Erdbeeren im Winter? Wintergemüse im Sommer? In Zukunft kein Problem, nach der Logik des Vertical-Farming-Projekts. Der Einfluss der Jahreszeiten wird bei dieser Produktionsform ausgeschlossen. 

So weit, so gut. Doch es bleiben Fragen offen. Zum Beispiel zur Energiebilanz: Die Bilder von Robotern, welche das Saatgut hegen und pflegen, sowie des künstlichen Lichts, lassen auf einen erhöhten Stromverbrauch schliessen. Eine Thematik, die Florian und sein Team täglich beschäftigt. Ohne Energiezufuhr gehe es natürlich nicht, sagt er. Das Perpetuum mobile sei noch nicht erfunden. «Doch der Stromverbrauch für die Automatisierung ist minimal. Die Elektromotoren, welche die Roboter antreiben, kommen mit unglaublich wenig Energie aus und sind dennoch leistungsfähig». 

Stromsparendes Lichtmanagement
Sparpotenzial gibt es auch beim Licht: Die Pflanzen erhalten nur gerade dasjenige Spektrum, das sie in der jeweiligen Wachstumsphase brauchen. Dadurch wird ebenfalls Energie eingespart. Dies haben die Anbauprojekte in Basel und dasjenige im Stollen in Hagerbach wieder gemeinsam. Der Strom fürs Vertical Farming kommt dabei ausschliesslich aus erneuerbaren Energiequellen. Beim Ökostrom will man auch bei weiteren Anlagen auf Solarkraft setzen und – sofern möglich – Solarzellen an Dächern und Fassaden der Produktionshallen anbringen. 

Zudem bedient sich das Vertical-Farming-Projekt eines weiteren Kniffs, indem es den Tag-Nacht-Rhythmus umkehrt. Florian: «Wir beleuchten nachts, wenn in der Schweiz ein Stromüberschuss anfällt». 

Gering ist nach seinen Aussagen auch der Wasserverbrauch: Gegenüber der konventionellen Landwirtschaft beträgt die Einsparung hier bis zu 90 Prozent. Es gibt kaum Verdunstung, weil der Kreislauf komplett geschlossen ist. Zudem halten Geräte die Luftfeuchtigkeit konstant, wobei ein Teil der Wassers von den Entfeuchtern wieder in den Kreislauf eingespiesen wird. Eine aktuelle Studie der Fachhochschule Nordwestschweiz FHNW attestiert dem «Robotic Vertical Farming Project» unter Berücksichtigung all dieser Faktoren eine positive CO2-Bilanz. 

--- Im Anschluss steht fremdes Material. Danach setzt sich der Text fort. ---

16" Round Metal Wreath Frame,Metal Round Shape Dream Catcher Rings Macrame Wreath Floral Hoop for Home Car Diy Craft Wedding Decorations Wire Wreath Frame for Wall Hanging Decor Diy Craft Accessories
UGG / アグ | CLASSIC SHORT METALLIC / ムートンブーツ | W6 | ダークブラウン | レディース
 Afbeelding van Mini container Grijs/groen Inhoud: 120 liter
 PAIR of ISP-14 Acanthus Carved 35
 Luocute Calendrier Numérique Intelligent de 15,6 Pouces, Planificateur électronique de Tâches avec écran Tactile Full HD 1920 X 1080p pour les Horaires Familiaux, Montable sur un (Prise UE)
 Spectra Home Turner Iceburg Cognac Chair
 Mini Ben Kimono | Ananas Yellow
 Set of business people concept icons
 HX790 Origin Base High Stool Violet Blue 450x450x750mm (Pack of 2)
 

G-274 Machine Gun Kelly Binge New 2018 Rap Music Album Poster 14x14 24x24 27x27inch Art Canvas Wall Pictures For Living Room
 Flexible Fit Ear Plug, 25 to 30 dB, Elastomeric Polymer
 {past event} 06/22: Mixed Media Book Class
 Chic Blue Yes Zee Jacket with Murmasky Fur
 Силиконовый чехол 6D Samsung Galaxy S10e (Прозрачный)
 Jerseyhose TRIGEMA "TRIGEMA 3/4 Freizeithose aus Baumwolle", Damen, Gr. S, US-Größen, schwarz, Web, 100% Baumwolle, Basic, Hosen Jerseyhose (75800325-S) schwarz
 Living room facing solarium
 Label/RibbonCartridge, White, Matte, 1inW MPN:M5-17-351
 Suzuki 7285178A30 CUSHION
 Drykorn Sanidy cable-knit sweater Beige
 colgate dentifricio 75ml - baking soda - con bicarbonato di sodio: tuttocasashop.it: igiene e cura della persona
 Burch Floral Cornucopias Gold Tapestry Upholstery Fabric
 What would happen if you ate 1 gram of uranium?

Und wie sieht es bei den Arbeitsstellen aus? In einem System, in welchem vom Säen, Pflanzen, Düngen bis zum Ernten alles von Roboterhand ausgeführt wird, ist für den Menschen kaum Platz. Ein bewusster Schachzug, wie Florian erklärt: «Wir weisen Aufgaben, die sonst von Arbeitern bei unwürdigen Bedingungen und zu Tiefstlöhnen ausgeführt werden, den Maschinen zu.»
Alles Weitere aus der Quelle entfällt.